O nascimento da heroína Lara Croft é quando ela aceita a morte do pai e decide tomar conta dos seus projetos arqueológicos escondidos em um porão, onde há muitas coisas, inclusive os dados históricos da tal bruxa. Claro que ela tentará desvendar o mistério que tomou a vida do único membro de sua família, apesar de não aceitar totalmente a sua morte. Como Indiana Jones, mas com muito mais charme e habilidades, ela enfrentará os perigos de uma selva desconhecida cercada pelo mar, onde há mercenários armados com equipamentos de guerra, que usam dezenas de escravos em trabalho de escavações. Em “Tomb Raider: A Origem”, Lara Croft sofre muito mais do que nos filmes anteriores, se machucando e sangrando em diversos momentos; transparecendo um ar de realidade nos seus gritos de horror quando cai com um paraquedas ou quando foge de uma caverna que desmorona.Para todas essas peripécias era de se pensar que uma atriz com experiência em filmes de ação fosse contratada. Não foi o que não aconteceu, já que a escolhida para o papel foi a ganhadora do Oscar e acostumada a produções dramáticas Alicia Vikander. Após passar  por um extenso treinamento antes das filmagens, Vikander consegue honrar sua antecessora ao executar cenas de lutas, perseguições e tiroteios com destreza. Seu carisma e boa atuação são pontos a favor, levando o espectador a se preocupar com cada queda ou soco que a personagem leva. Com certeza, já se trata de uma grande estrela mundial e fará por um bom tempo o papel de Lara Croft, isso dependendo do sucesso ou fracasso financeiro desse primeiro capítulo, evidentemente. Se a intérprete faz um bom trabalho, o mesmo não pode ser dito da produção e direção, pelo menos na maior parte da projeção. O cineasta norueguês Roar Uthaug não consegue imprimir ritmo em algumas sequências importantes, minimizando o impacto e diminuindo a emoção, principalmente quando elas se passam em cenários construídos em computador que parecem terem saído dos primeiros jogos da franquia.

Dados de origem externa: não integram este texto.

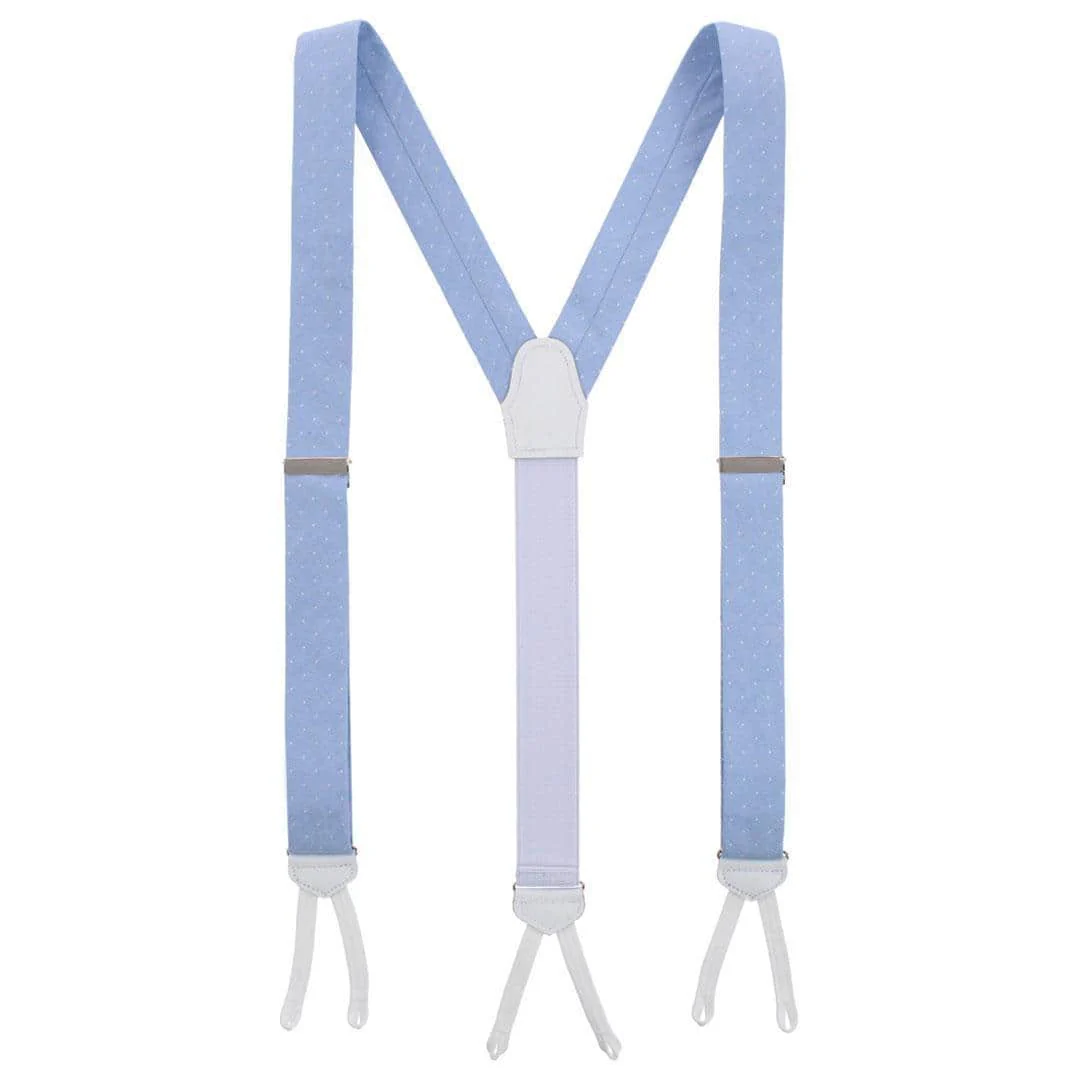Churchill Chambray Polka Dot Linen Blend Formal End Braces - Image 6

Furos no roteiro deixam inverossímeis algumas ações de personagens importantes, como a do vilão Mathias Vogel (O sempre competente Walton Goggins) que diz a todo tempo que não vê os filhos há anos porque está preso na ilha até terminar o trabalho para o qual foi designado, no entanto, insiste em executar uma ordem que pode desencadear consequências mortais a eles. Também é curioso como os personagens se encontram por acaso em uma ilha com mata fechada e de enorme extensão. São pontos que poderiam ser mais bem cuidados, porém não atrapalham a experiência de quem só procura uma boa aventura sem precisar colocar as mãos em um joystique.